Where Ayn Rand Was Wrong

Feb 15, 2009 19:50


"From each according to his ability, to each according to his need" creates a world where need is rewarded and ability is punished, profoundly screwing up the incentives for everyone involved. That's not what Ayn Rand got wrong - that's what she got right. The thing is, what she proposed - laissez-faire capitalism - also has the incentives wrong.

I'll talk about it one reason at a time; it will take me a lot of time to really understand all the issues involved. But here is one thing I saw right away when I read "Atlas Shrugged": Ayn Rand seems to think that in the environment of free competition, money and Quality go together. Meaning, that the way to make more money is to make a better product, and vice versa. And this is simply not true.

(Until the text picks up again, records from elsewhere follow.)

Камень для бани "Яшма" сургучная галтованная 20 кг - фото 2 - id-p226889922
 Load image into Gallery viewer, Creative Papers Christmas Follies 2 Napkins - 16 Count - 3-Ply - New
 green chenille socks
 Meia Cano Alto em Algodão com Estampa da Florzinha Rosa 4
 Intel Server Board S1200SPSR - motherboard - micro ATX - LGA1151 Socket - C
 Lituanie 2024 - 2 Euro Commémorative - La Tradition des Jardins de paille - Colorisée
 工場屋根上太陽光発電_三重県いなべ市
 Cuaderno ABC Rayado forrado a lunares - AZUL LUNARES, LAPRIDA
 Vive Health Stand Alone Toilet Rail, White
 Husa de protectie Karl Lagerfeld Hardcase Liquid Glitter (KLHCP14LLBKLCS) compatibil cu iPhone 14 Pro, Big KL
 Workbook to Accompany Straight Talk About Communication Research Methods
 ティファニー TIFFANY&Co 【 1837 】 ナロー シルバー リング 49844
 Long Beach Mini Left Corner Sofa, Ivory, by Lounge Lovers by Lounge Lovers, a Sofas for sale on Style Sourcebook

For example, suppose you create a new kind of material for shoes, which is extremely light and comfortable. What do you do with it? Do you hire the best designers and create a collection of beautiful shoes, of various styles and colors? No way! Well, eventually, yes - but not at first. At first, you hire the best designers to come up with the ugliest shoe imaginable; and then you market it like crazy. People buy it, and it becomes a real hit - because it's extremely light and comfortable, due to your new material. And then, after a year or so, you make a huge marketing campaign and release a slightly less ugly shoe; and guess what? People pay you again! Which was the whole point of the exercise. Now, after a few months, you can make new campaigns, which offer mind-boggling improvements like more colors; people will upgrade again; and eventually, after a couple of years, you can finally release all these beautiful collections that you were keeping. And of course, people upgrade again.

We see this a lot in all kinds of businesses - software, gadgets, whatever. You don't make money by making the best product that you can - you make money by making product that does one thing really well, and deliberately sucks in some other aspects, which you can then gradually improve in order to rake money on upgrades.

Another example: suppose you make refrigerators, and you have the technology to create a really reliable fridge, one that will keep working for 30, 40 years. Do you really want to do that? The answer is - no, you want to sell refrigerators that will break after 10 years. Because, you see, that way you'll simply sell more of them. A friend of my dad, an engineer who once worked for a huge refrigerator company, once told us over dinner how he and other engineers in his company had many meetings trying to come up with a way to make the fridge break after 10 years. It wasn't that easy… (Btw., turns out there's a book on the subject: you can read about it here).

And finally, an even more unsettling example: suppose you're a dentist. A guy comes to you with a problem. Which solution will you prefer to recommend him: the cheap option or the expensive option? Now, the free market philosophy goes like this: you should always recommend the better option for the client, because:
1) The client will compare offers from multiple dentists, and choose the best one.
2) The client will tell his friends about how you treated him, and they will assess you accordingly.
So eventually, the reasoning goes, if you honestly go with what's best, you will have more clients and therefore more money.

But in many markets it simply doesn't work that way, for many reasons:
Firstly, clients need to work hard in order for competition to breed quality. All the reasoning of the free market philosophy makes assumptions about the behavior of clients, which don't necessarily hold. How many dentists an average person will visit before deciding with which one to go? How often does an average person change dentists? More importantly, an average person does not have the means to objectively assess the quality of the service he received. OK, suppose the doctor solved his problem, but how can he know that it was indeed the best or cheapest option? Especially if you throw in some psychological factors, like:
1) People tend to believe they got what they paid for; and,
2) People don't like to admit to themselves that they made the wrong choice
And you get that clients will usually be satisfied even when they are being scammed. Throw in the fact that the market is simply big enough for everyone… and you'll get that scamming clients is a dominant strategy!

I'm not saying that all dentists are always trying to scam people; what I'm saying is that Ayn Rand's reasoning about how competition breeds quality isn't always correct, and, in particular, could lead to some wrong conclusions about the best economic policy. While the same reasoning I described holds for dentists as well for car mechanics ("You just need more blinker fluid"), in the former case the wrong incentives are much more important, in my opinion. After all, this is health we're talking about. So, yes, unlike Ayn Rand, I believe health care should be in the public sector: the income of doctors should not depend on the treatment they prescribe to specific patients.